Take two e-types, a long stretch of road…and don’t forget the rizlas

Breathe a huge sigh of release all ye who read this blog. I had intended to spell out in words of one syllable ( well maybe not all in words of one syllable) exactly why The Passion of Christ is one of the best films made it the past decade and precisely why Mel Gibson should scoop up every prize going at the next round of awards. It would have involved a whistle stop tour of Catholicism, a brief diversion into comparative religions, a tirade in support of Christianity (I know, I know it’s so not trendy, so not cool and you don’t get to chant or wear groovy bead bracelets…although kum by ah has not only got to rank as one of the greatest songs ever written if you say it to a collie then you can round up sheep too) and a denunciation of all fundamentalist modes of thought no matter what system of (dis) belief they originate from…and then I read herebemonsters divinely inspired “Little Bastards” riff and laughed so much I fell off the chair and nearly garrotted myself on my headphones (I was listening to Lynrd Skynrd ironically enough so I’m obviously an anti-Semitic, fundamentalist, porn loving, redneck nazi thug with the bible in my right hand and my gun in my left - or possibly the other way round, but you get the general drift)

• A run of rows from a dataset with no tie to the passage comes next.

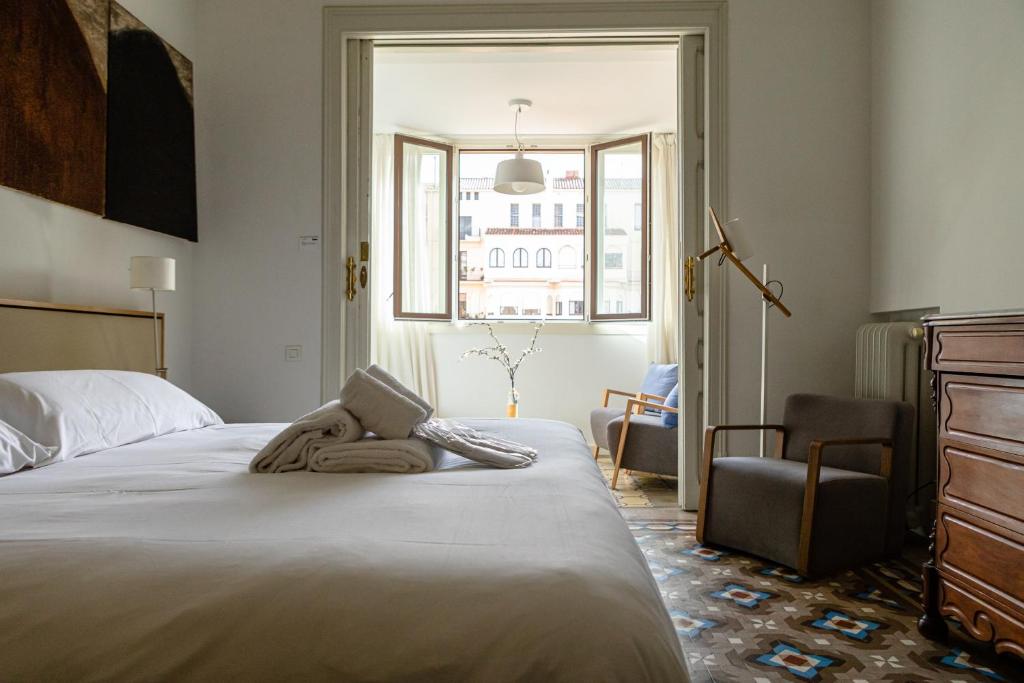 Posteľ alebo postele v izbe v ubytovaní B&B Boutique Ca La Maria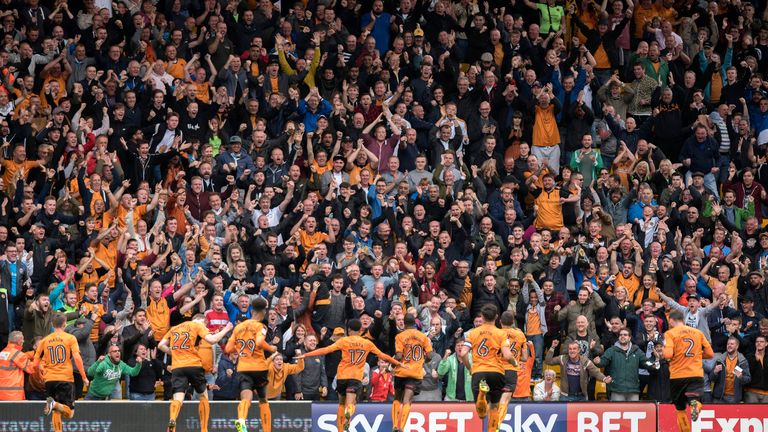 Wolves players and fans celebrate after Prince Oniangue (20) scored the opening goal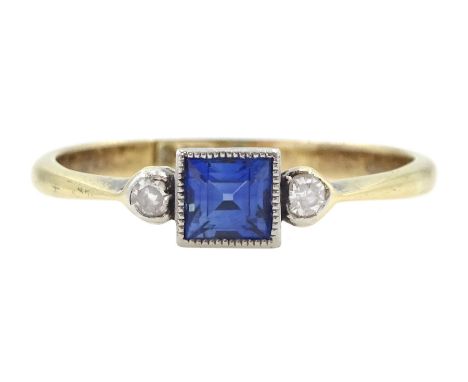 Early 20th century gold milgrain set three stone square cut blue stone and single cut diamond ring, stamped 18ctCondition Rep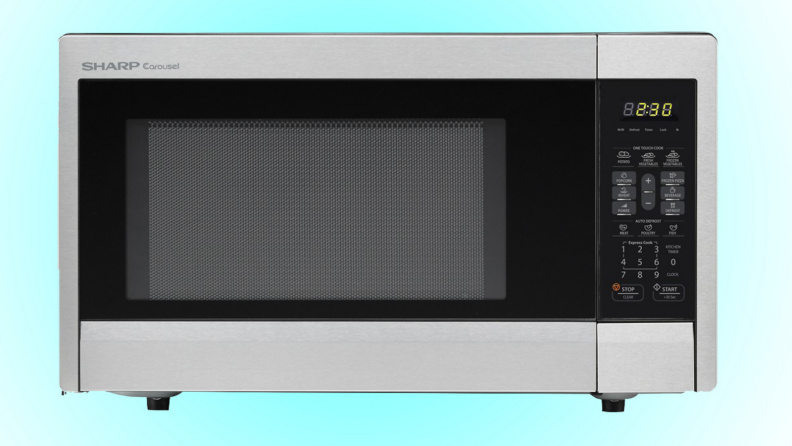 A Sharp microwave against a light blue background.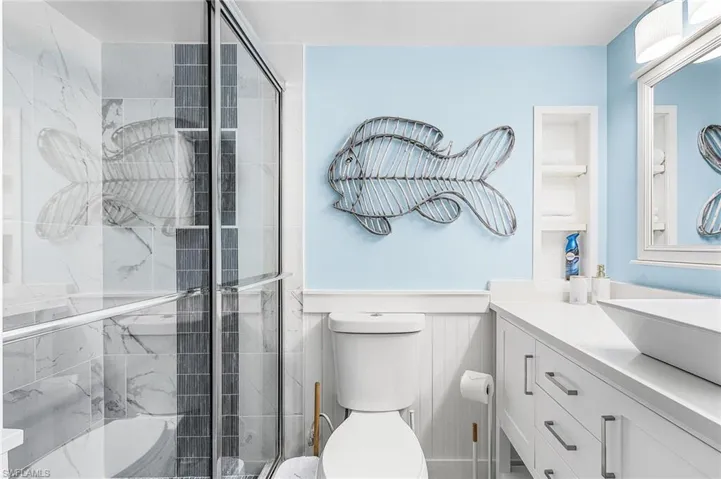 The downstairs bath with a shower also serves as the pool bath.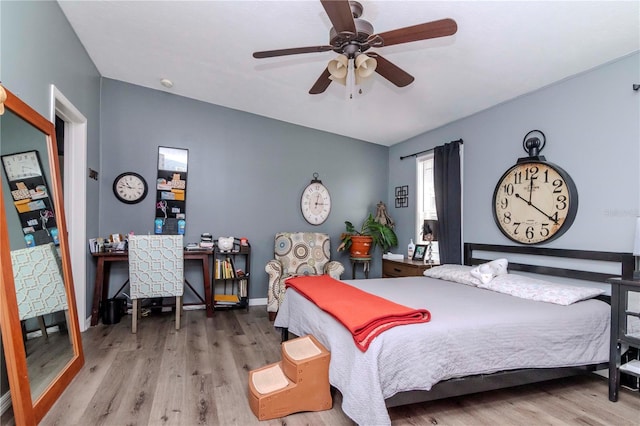 bedroom featuring hardwood / wood-style flooring and ceiling fan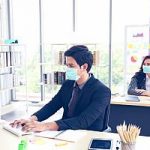 Employees returning to office in mask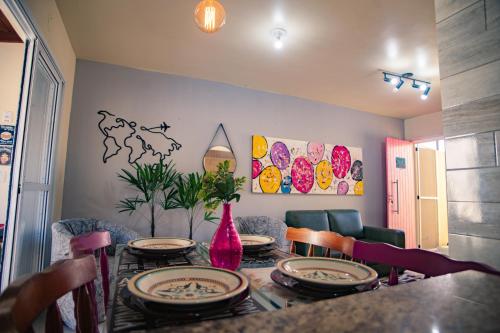 uma mesa de jantar com pratos e um vaso rosa em Casa Areal, 1 Suíte, 2 quartos, piscina garagem para 2 carros em Pelotas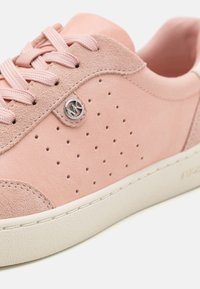 Ljusrosa sneaker med perforerat ovandel, mocka- och läderstrukturer, rund silverfärgad logotyp och en krämfärgad gummisul.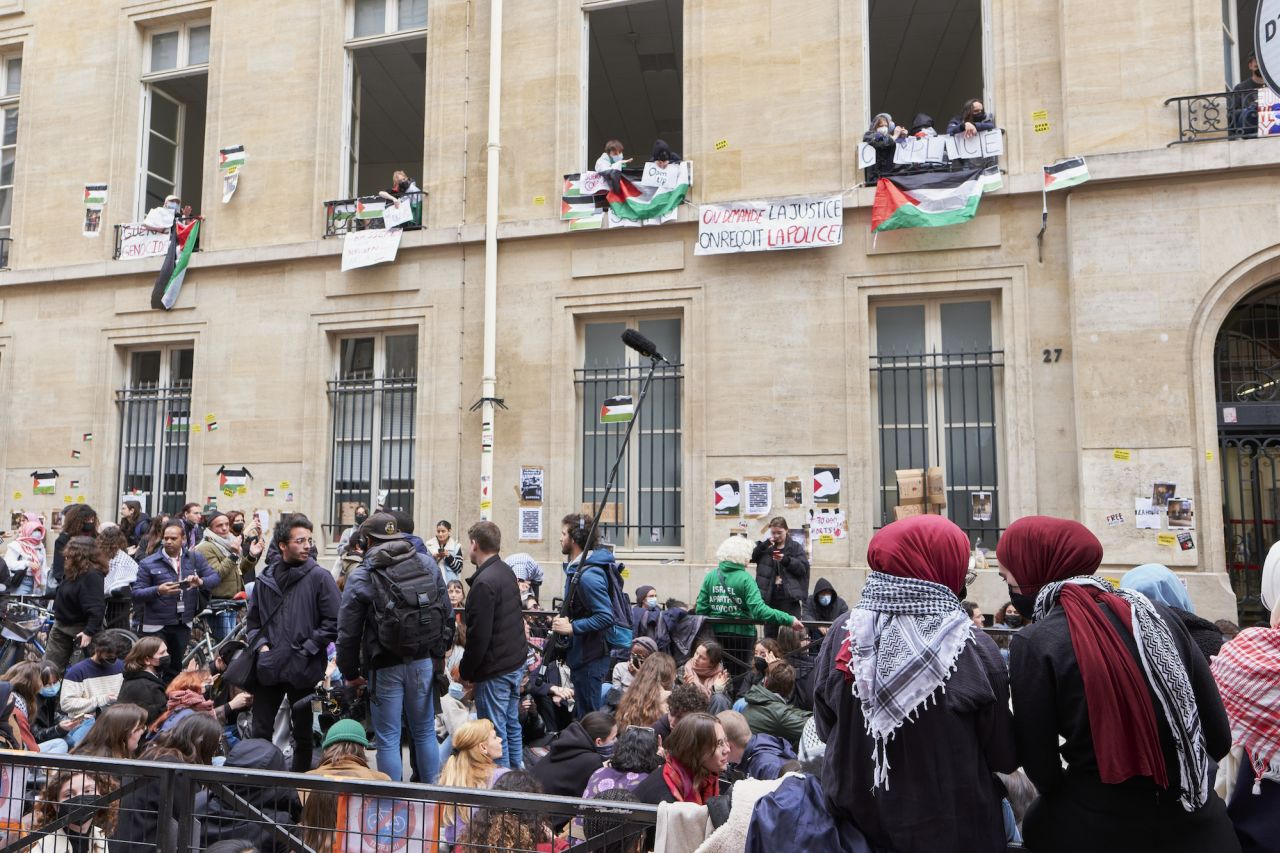 ?Students are seen in front of the Sciences Po University in Paris on Friday.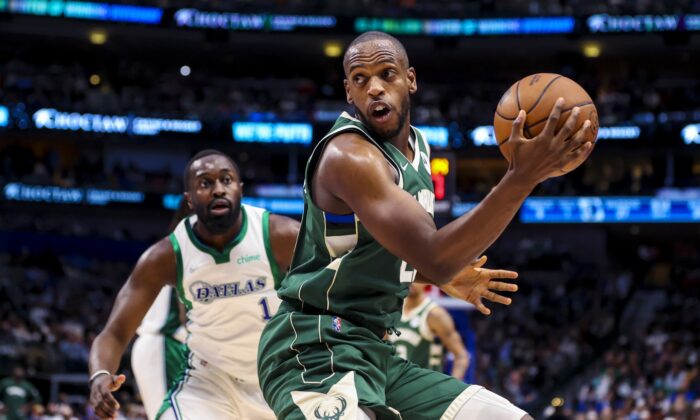 Milwaukee Bucks forward Khris Middleton (22) controls the ball as  Dallas Mavericks small forward Theo Pinson (1) defends during the first half at American Airlines Center in Dallas, on Dec. 23, 2021. (Kevin Jairaj/USA TODAY Sports via Field Level Media)
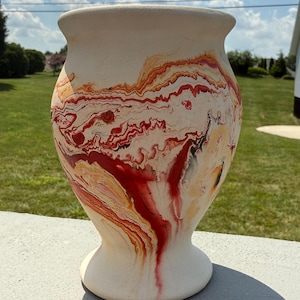 Nemadji Indian River Pottery Vase - Bisque Exterior, Glazed interior - Red, Orange, Black swirls. Stamped Indian Head on Bottom.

As some of you may know and as some of you will have worked out - herebemonsters is my bro. Yes I am the heathen of haute couture. I am that genius wot he writ about. Honest. I know you can’t tell from the stuff I post up here but it’s true. Well OK (she says looking to one side modestly and wiggling her feet in embarrassment - I do wiggle my feet when embarrassed - its my only tell) he may possibly be exaggerating a little bit in the hope of actually getting a birthday card this year - but since most people who read this don’t know me - just take it at face value, after all everything you read on the net is true isn’t it? (”what do you mean it it’s not? must all my illusions be shattered so cruelly?”)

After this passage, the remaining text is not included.